▶ [DATA]:
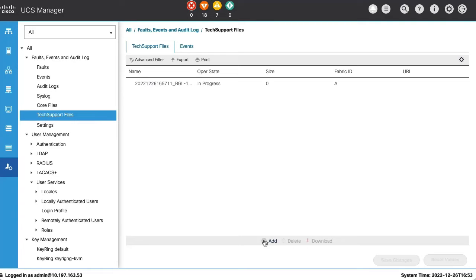Now, we'll see how to collect B-Series server logs. Under Same Tech Support Files, we will click on Add again...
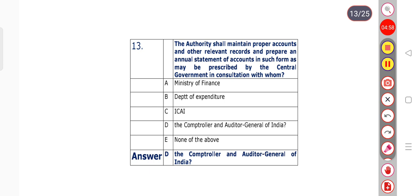Question number 13: The authority shall maintain proper accounts and other relevant records and prepare an annual statement of accounts in such form as may be prescribed by the central government in consultation with whom? Options: Ministry of Finance, Department of Expenditure, ICAI, the Comptroller and Auditor General of India, or none of the above. Option D is the right answer — the Comptroller and Auditor General of India.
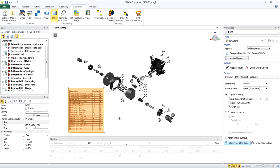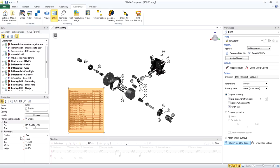If your bill of materials appears in a different place or with a different size, you can select the BOM and change the placement properties. Change it to Free, and then locate the BOM where you want.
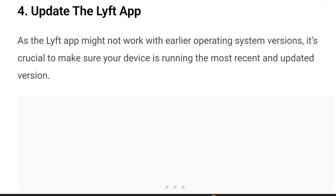Number four: update the Lyft app. As the Lyft app might not work with earlier operating system versions, it's crucial to make sure your device is running the most recent and updated version. You might see difficulties or other problems when using the Lyft app if it is not updated. After updating the app to the newest version, open Lyft once more to determine if the problem has been fixed.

▶ [WORK TO BE COMPLETED]: Starting at the first line of the material, output exactly the lines up to and including the one with "Question number 13: The". Do not include the pictures.

▶ [RESPONSE FOR THIS EXERCISE]:
Now, we'll see how to collect B-Series server logs. Under Same Tech Support Files, we will click on Add again...
Question number 13: The authority shall maintain proper accounts and other relevant records and prepare an annual statement of accounts in such form as may be prescribed by the central government in consultation with whom? Options: Ministry of Finance, Department of Expenditure, ICAI, the Comptroller and Auditor General of India, or none of the above. Option D is the right answer — the Comptroller and Auditor General of India.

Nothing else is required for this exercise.